◆ TASK DESCRIPTION: Print out each entry below exactly; do not carry over any image.

Brief descriptive captions
━━━━

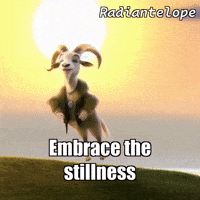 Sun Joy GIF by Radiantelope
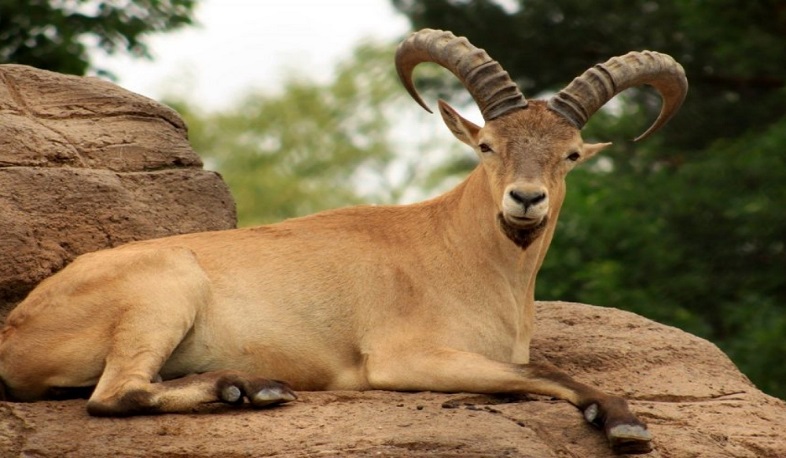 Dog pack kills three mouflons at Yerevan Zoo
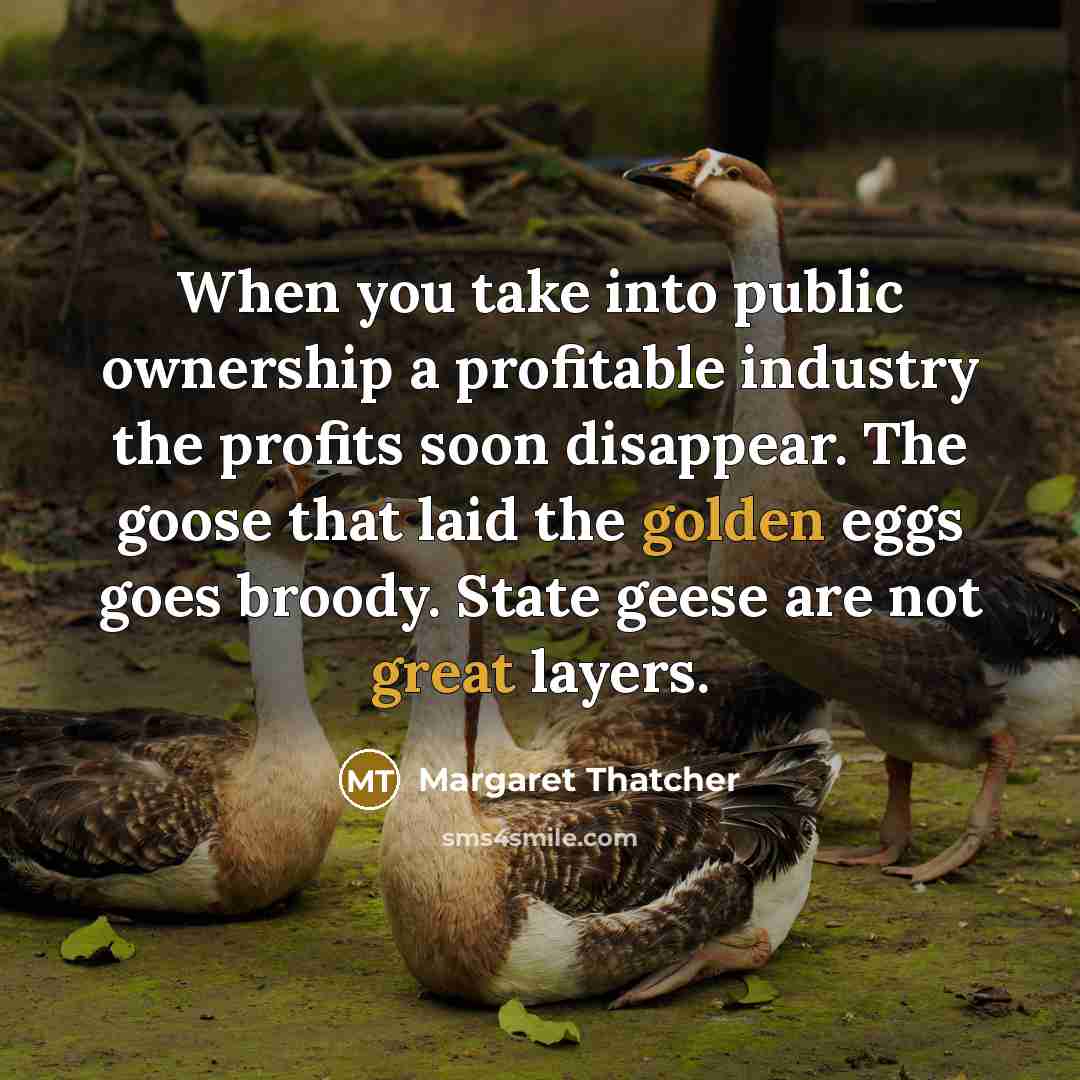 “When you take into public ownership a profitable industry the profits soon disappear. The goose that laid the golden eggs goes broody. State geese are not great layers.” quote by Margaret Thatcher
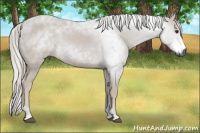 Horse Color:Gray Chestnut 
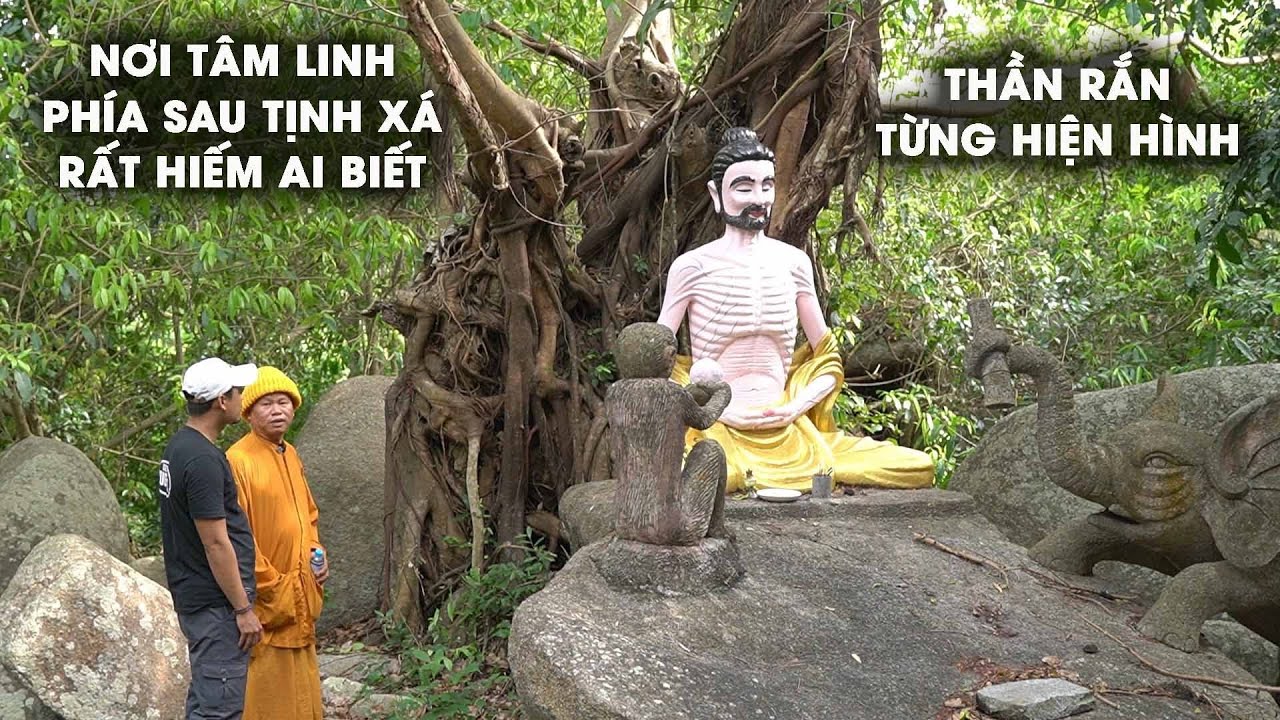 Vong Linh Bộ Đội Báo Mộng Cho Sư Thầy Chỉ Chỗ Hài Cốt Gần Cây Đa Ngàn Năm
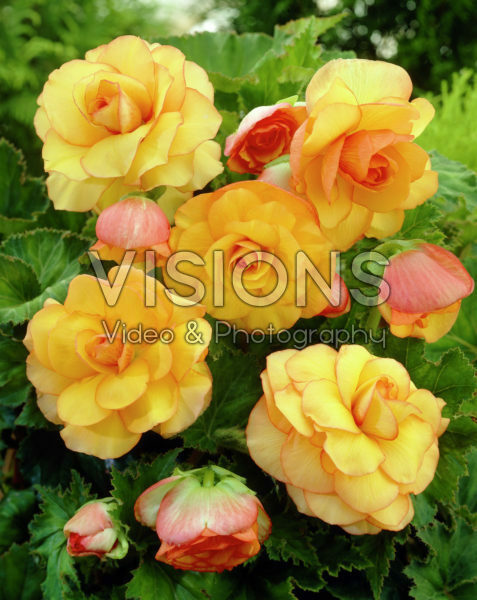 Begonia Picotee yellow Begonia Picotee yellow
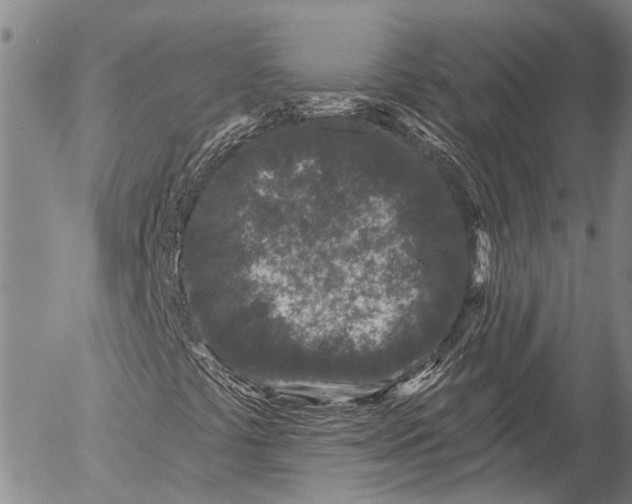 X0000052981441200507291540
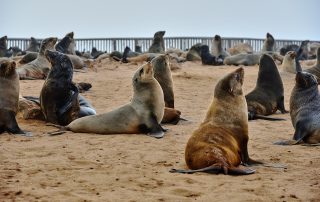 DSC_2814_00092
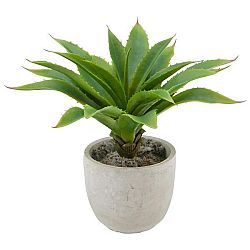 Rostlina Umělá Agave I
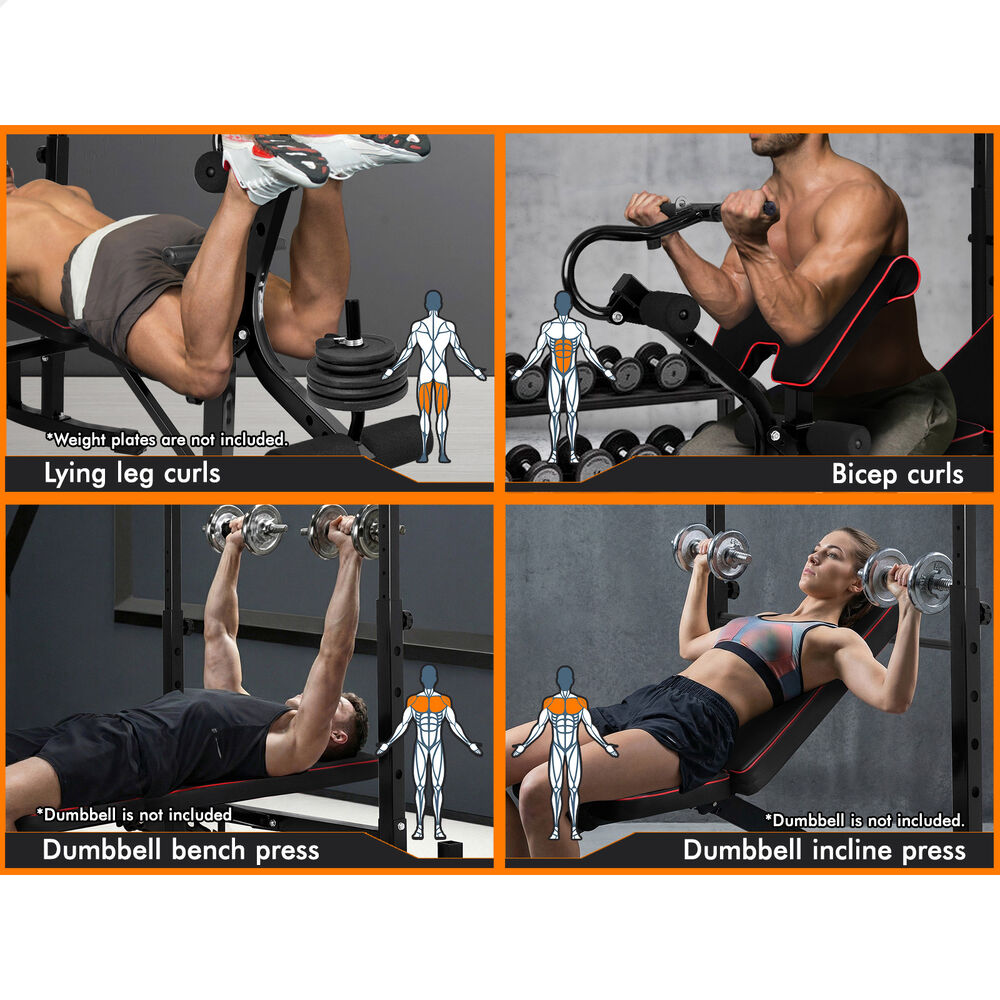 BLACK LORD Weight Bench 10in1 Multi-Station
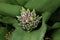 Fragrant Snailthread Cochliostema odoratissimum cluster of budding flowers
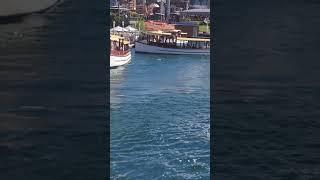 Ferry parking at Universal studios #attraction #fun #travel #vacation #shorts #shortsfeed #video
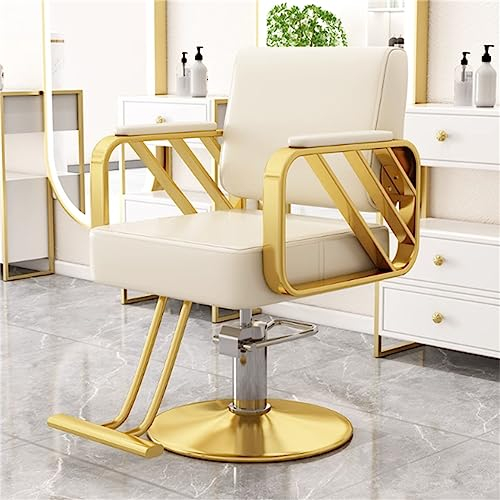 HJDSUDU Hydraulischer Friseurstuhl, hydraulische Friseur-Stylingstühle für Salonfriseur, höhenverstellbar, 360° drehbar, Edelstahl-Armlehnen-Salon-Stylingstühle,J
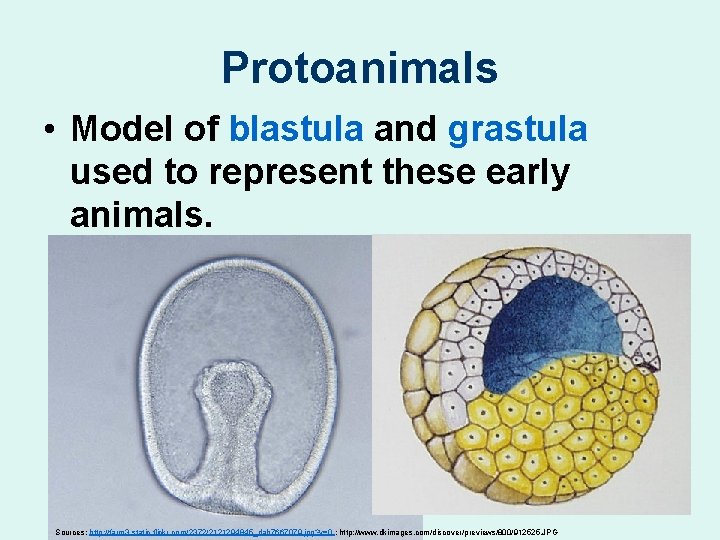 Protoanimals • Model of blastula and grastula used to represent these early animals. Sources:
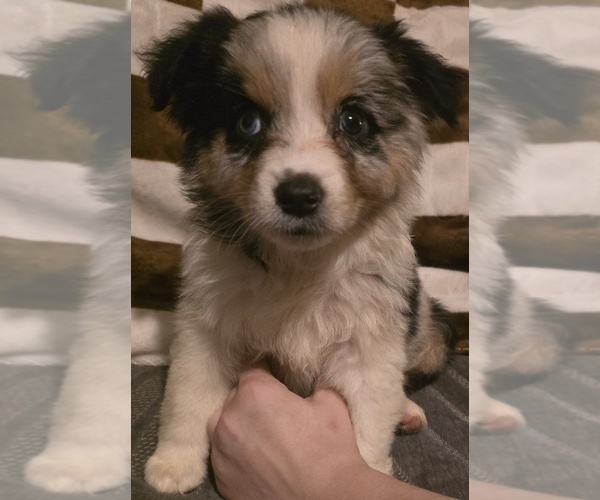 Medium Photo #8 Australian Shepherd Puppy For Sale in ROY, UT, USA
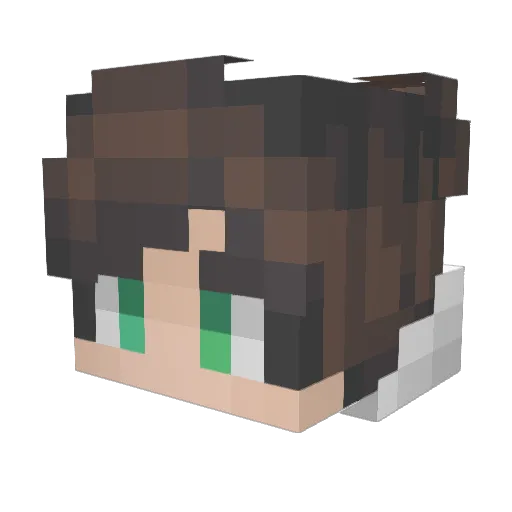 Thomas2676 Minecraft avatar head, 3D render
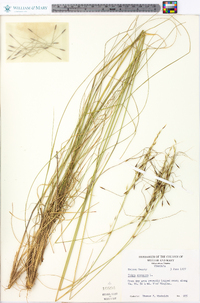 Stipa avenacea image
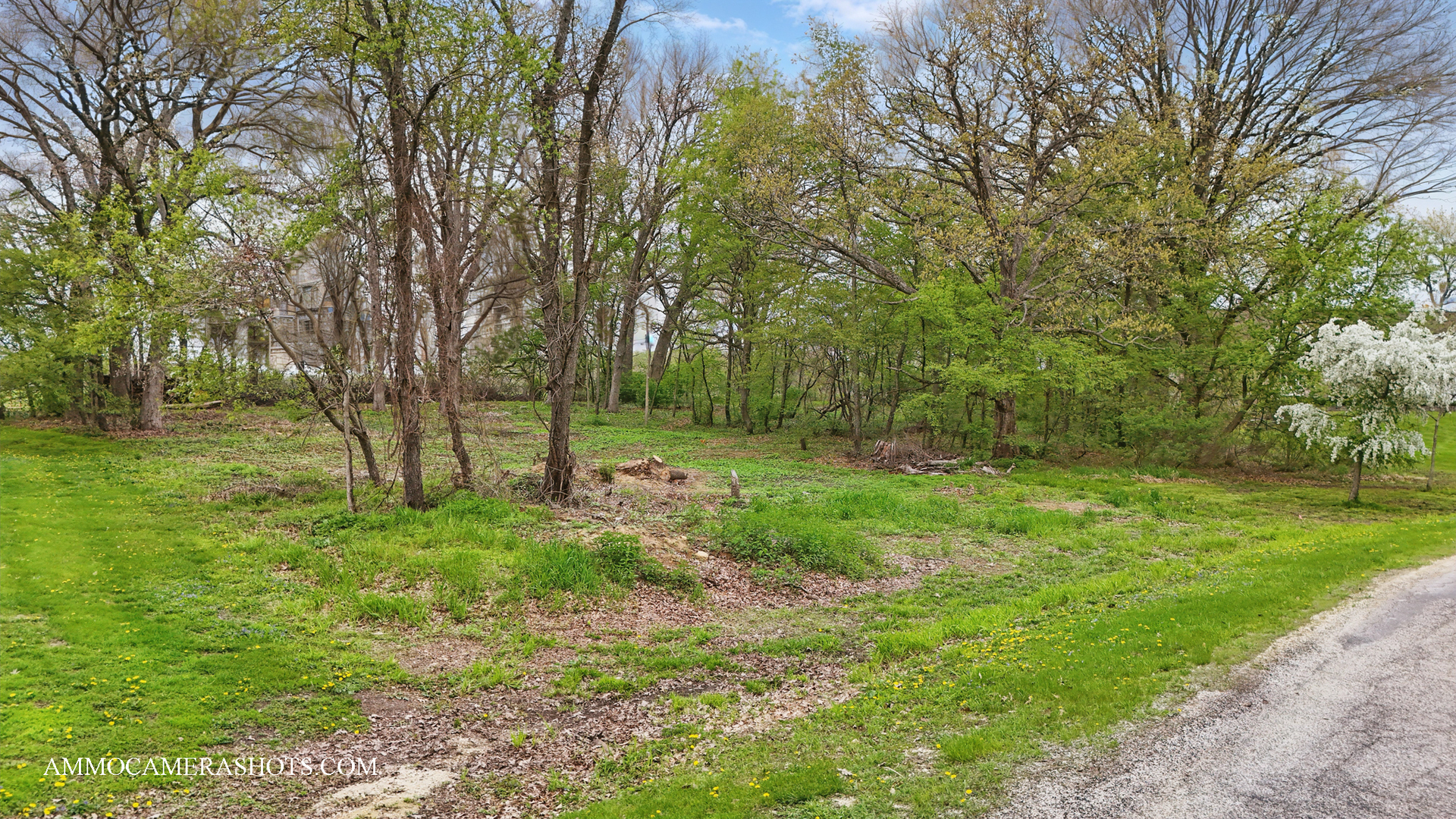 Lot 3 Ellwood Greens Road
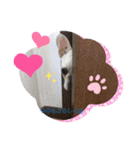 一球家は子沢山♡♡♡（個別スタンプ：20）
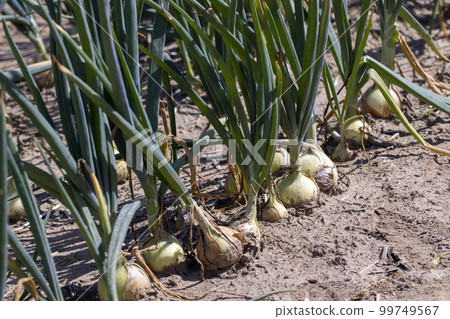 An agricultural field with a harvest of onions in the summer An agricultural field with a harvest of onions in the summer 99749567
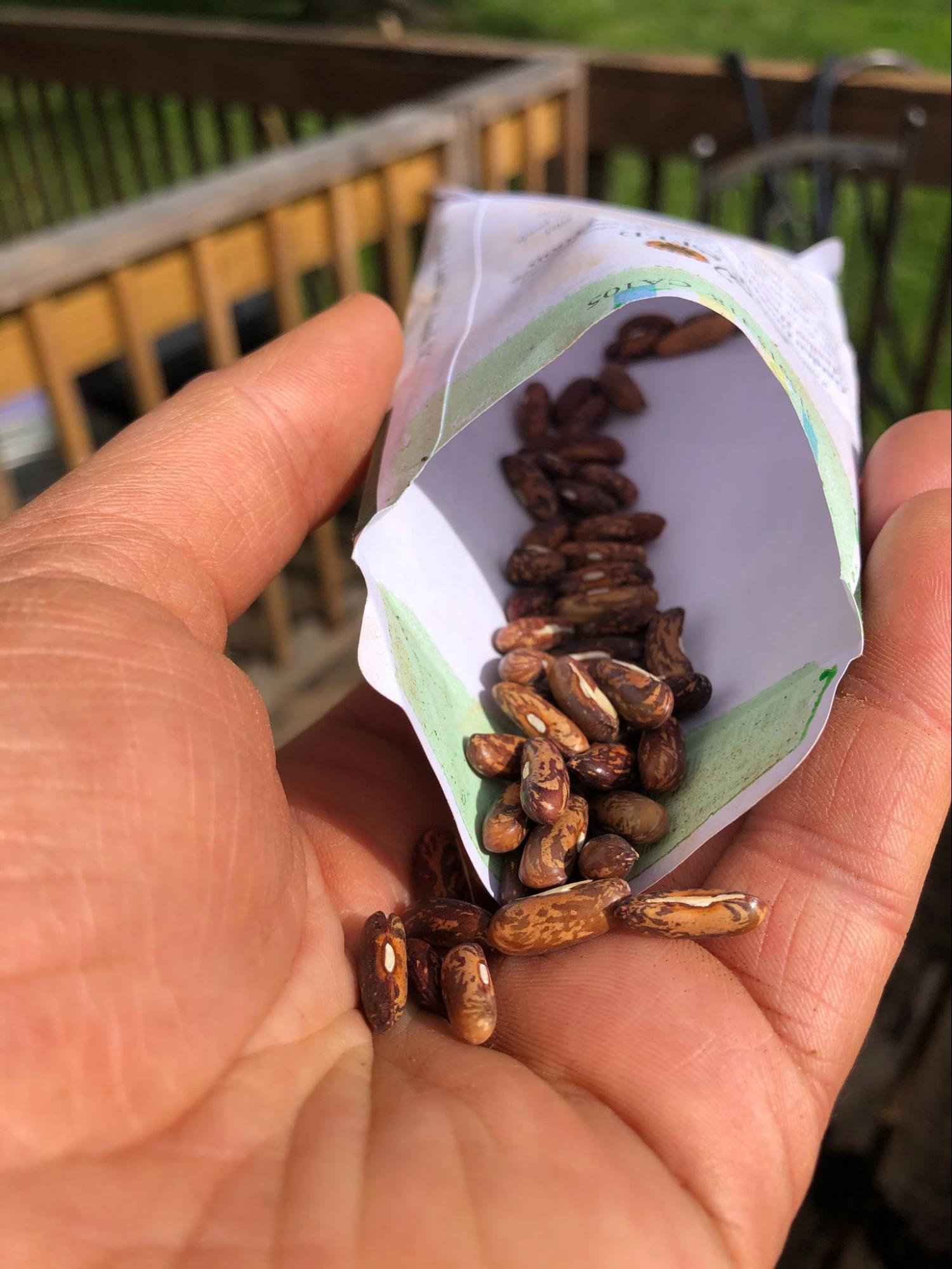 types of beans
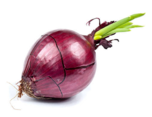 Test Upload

━━━━

◆ OUTPUT FOR THIS TASK:
 Sun Joy GIF by Radiantelope
 Dog pack kills three mouflons at Yerevan Zoo
 “When you take into public ownership a profitable industry the profits soon disappear. The goose that laid the golden eggs goes broody. State geese are not great layers.” quote by Margaret Thatcher
 Horse Color:Gray Chestnut 
 Vong Linh Bộ Đội Báo Mộng Cho Sư Thầy Chỉ Chỗ Hài Cốt Gần Cây Đa Ngàn Năm
 Begonia Picotee yellow Begonia Picotee yellow
 X0000052981441200507291540
 DSC_2814_00092
 Rostlina Umělá Agave I
 BLACK LORD Weight Bench 10in1 Multi-Station
 Fragrant Snailthread Cochliostema odoratissimum cluster of budding flowers
 Ferry parking at Universal studios #attraction #fun #travel #vacation #shorts #shortsfeed #video
 HJDSUDU Hydraulischer Friseurstuhl, hydraulische Friseur-Stylingstühle für Salonfriseur, höhenverstellbar, 360° drehbar, Edelstahl-Armlehnen-Salon-Stylingstühle,J
 Protoanimals • Model of blastula and grastula used to represent these early animals. Sources:
 Medium Photo #8 Australian Shepherd Puppy For Sale in ROY, UT, USA
 Thomas2676 Minecraft avatar head, 3D render
 Stipa avenacea image
 Lot 3 Ellwood Greens Road
 一球家は子沢山♡♡♡（個別スタンプ：20）
 An agricultural field with a harvest of onions in the summer An agricultural field with a harvest of onions in the summer 99749567
 types of beans
 Test Upload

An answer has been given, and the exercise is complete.